Dikkatin odağı prefrontal korteks olarak düşünülmektedir. Yönlenme-ilişkilendirme bölgesi olarak isim verilen Parietal lobda zaman ve mekana ait bilgiler ve vücudun uzayda/ boşlukta yön tayini ile bilgiler işlem görmektedir. Burası aynı zamanda vücudun nerede bitip geri kalan dünyanın nerede başladığını saptar. Özellikle Sol Orientasyon Bölgesi fiziksel vücudun limitsizliği ile ilgili bir duyu yaratır. Sağ orientasyon alanı ise içinde vücudun var olduğu fiziksel mekan duyusunu yaratır. Orientasyon (yönlendirme) alanı görevini yapmak için duyusal verilere ihtiyaç duyar. Eğer siz bu bölgedeki duyusal inputları (duyusal veri girdilerini) bloke ederseniz, meditasyon konsantrasyonu sırasında yaptığınız gibi beynin kendi ve kendi olmayanlar arasındaki ayırımı oluşturmasını engellersiniz. Şayet duyulardan sol orientasyon bölgesine hiçbir bilgi gelmezse, beynin kendisi ve dünya arasında koyduğu sınırlamalar engellenir . Bu durumda beynin sanki kendisini sonsuz ve en mahrem bir şekilde herkes ve herşey ile sanki kumaş dokumasında olduğu gibi birleşmiş görmekten başka seçeneği kalmamıştır. Şayet duyusal verilerden yoksun kalan sağ oryantasyon bölgesi ise bu defa beyin mecburen sonsuz bir mekan olduğu hissine kapılacaktır. Doğal olarak herhangi bir dinsel tecrübenin beyin aktivitesine yansıması çok şaşırtıcı olmaz. Yıldırım gürültüsünden, küçük köpeği görmeye kadar, yaşadığımız, tecrübe ettiğimiz herşey beyinde iz bırakır.
Ancak, tecrübenin sinir hücreleri ile ilişkisi olduğu için sadece beyinde tecrübe oluştuğu söylenemez veya tecrübe sadece beyin tarafından yaratılan hayali, gerçek olmayan bir aktivite olarak tanımlanamaz. Bir elmalı pay aldığımızda ne oluyor; beynin koku bölgesi tarçın ve meyvenin aromasını tanır, kayda geçer. Somatosensoryal korteks dil ve dudaklarda hissedilen o kıtır kıtır parça ile ilgili işlemlere geçer ve tükürük salgısı başlatır. Vizüel korteks; görünüşü kayıt eder ve tanır. Ayrıca geçmişte ki elmalı payların hatırlanması (büyükannenin mutfağında, köşedeki fırından vs) asosiasyon (bağlantı kurma/ilişkilendirme) korteksini aktivite eder. Fakat bu payın gerçekliğini engelleyemez.
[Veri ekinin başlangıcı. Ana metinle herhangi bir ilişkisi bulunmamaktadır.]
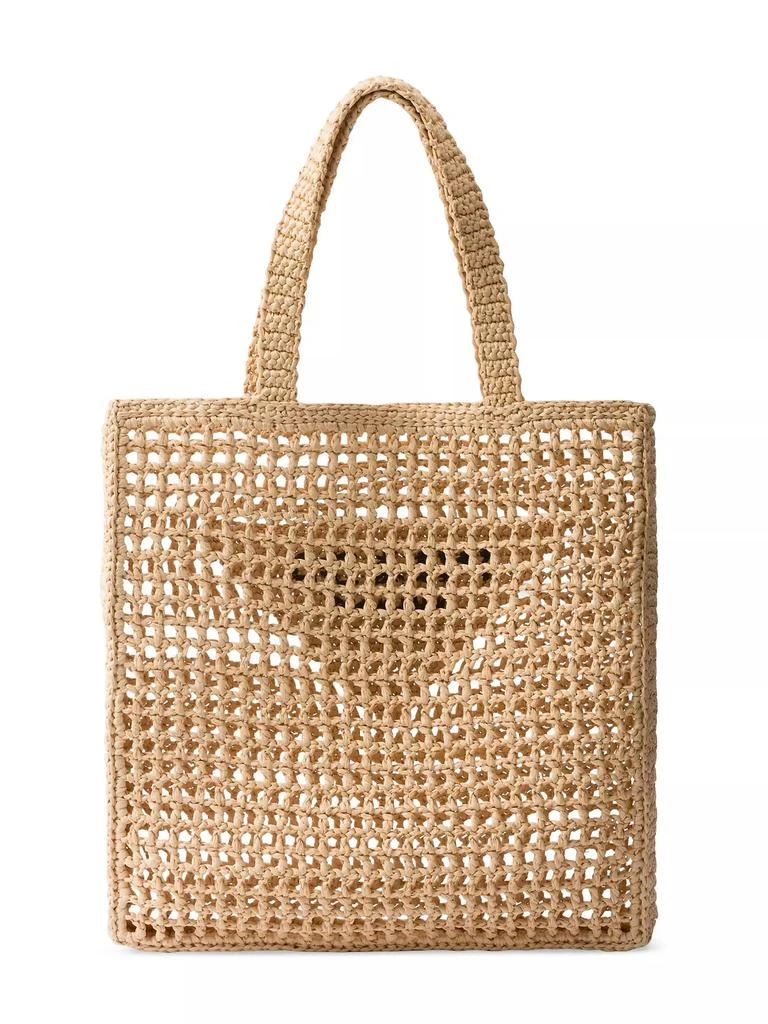 Prada Large Crochet Tote Bag 3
Beynin dini bir tecrübe sırasında ne yaptığını görmek bize bizzat din hakkında bir şey anlatmaz (özellikle tanrının varmı yokmu olduğu hakkında).
Bir objenin dini bir hayranlık duygusu uyandırması, beyindeki visual-association bölgesi/ görüntü-ilişkilendirme bölgesine bağlıdır. Bu bölge gözün gördüklerini yorumlar, bu da imajlarla ilgili olarak daha önceden beynin öğrendiği duygu ve anılar arasında bağlantı kurar.